Adoration

Andy Hawes is Warden of Edenham Regional Retreat House

We adore thee O Christ and we bless thee!’ God willing, a deeper and more loving adoration of Christ should be the outcome of our Lenten Disciplines and of our Holy Week prayer and reflection. Any time of penitence means that the spotlight of the Holy Spirit is directed on the examination of our conscience, but this is only part of the spiritual dynamic. As the Holy Spirit convicts us of our own shortcomings, there ought to be a growing awareness of the tender and forgiving acceptance of Christ. A deepening sense of our own sinfulness should be balanced by a deepening realization of God’s love for us. As Jesus said, ‘Those who are forgiven much love much.’

It is a great pity that many Christians never experience this liberating truth. Times of fasting and penitence and the practice of confession are too often perceived as a negative experience, an exercise in spiritual self-abuse. When this attitude prevails, there is precious little hope that anything of lasting worth will come out of the process.
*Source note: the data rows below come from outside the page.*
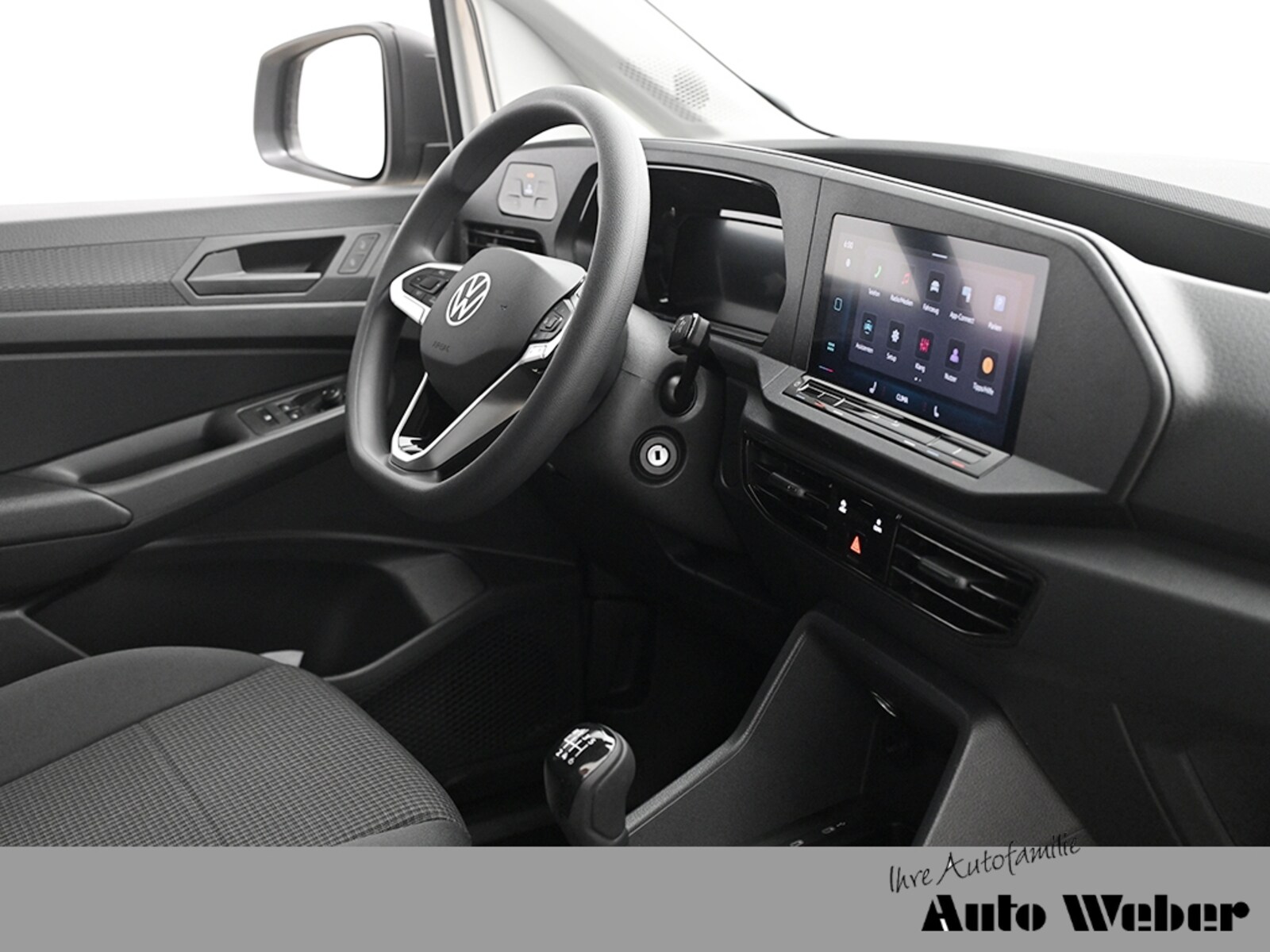 Volkswagen Caddy Cargo – Bild 15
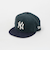 ＜NEW ERA＞コーデュロイ キャップ / MLB / Youth 9FIFTY Corduroy / キッズ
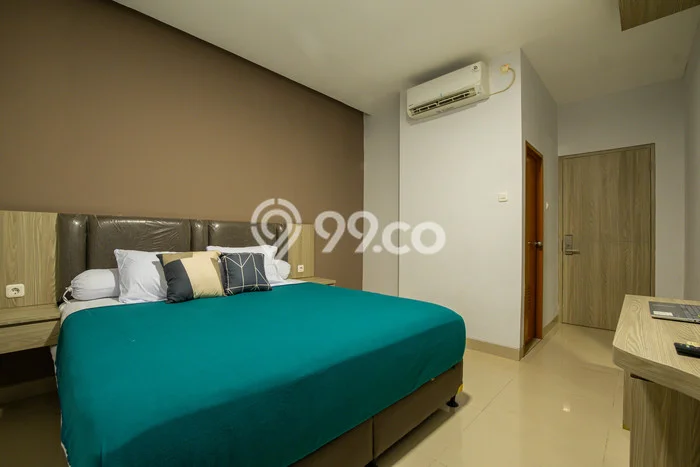Kost Nyaman di Jakarta Barat Cocok untuk Mahasiswa dan Pekerja Kost Nyaman di Jakarta Barat Cocok untuk Mahasiswa dan Pekerja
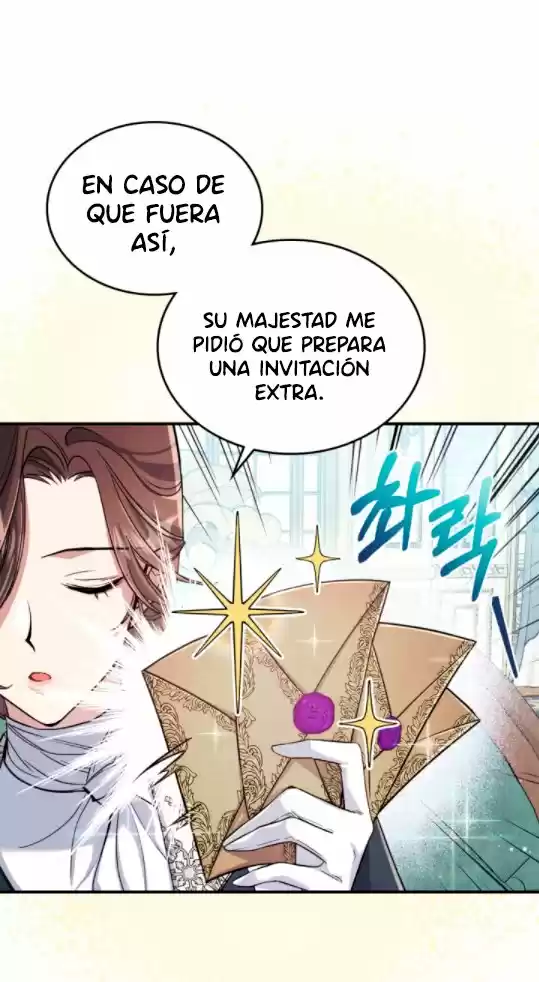 La Princesa Finge Estar Loca - Capítulo 18 - Página 23 - LectorTMOo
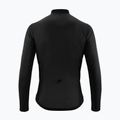 Férfi kerékpáros dzseki ASSOS Mille GT Wind S11 black 2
This is the worst kind of piety – a laudable, but pitiable, attempt at trying to be better. Nothing could be further from the purpose of Lent and Holy Week.

Self-examination, fasting and penitence – even when the sacrament of confession is not an outcome – is an expression of a relationship where the individual is loved and desires to love in return. As William Cowper writes in his poem Hark my soul, ‘Lord it is my chief complaint, that my love is weak and faint, yet I love thee and adore; O for grace to love thee more!’ The spirit of penitence and the desire for a good and honest life should arise out of love for Jesus.

This came home to me the other day during a conversation with a laywoman about fasting. She said, ‘I am just so happy I can do something for him.’ The fasting was not just an exercise in self-discipline, or about increasing self-awareness, although these are important. It was a token of love for the Lord; it was a fragrant offering of a heart that desires to spend itself and be spent in his service.

That is why Holy Week should be a time of adoration. In the great four days, beginning on Maundy Thursday, Christian people are drawn away by the liturgy from thinking about Christ, to being with Christ, and being with Christ they are moved to partake in the mystery of Love beyond reason. The Mount of Olives, Gethsemane, Golgotha and the Garden Tomb are not places to think. They are places of silent awe, wordless horror and indescribable joy.

God forbid that we should be so pious in our religion that there is no room for simple adoration. In adoration is both self-offering and revelation. Adoration is the fountain of thanksgiving, thanksgiving the cause for joy, and joy is the energy of self-giving. It is self-giving that moves us to take up our cross and follow him. Ask for grace to love and adore him. ‘We adore thee O Christ and we bless thee, for by thy Holy Cross thou hast redeemed the world.’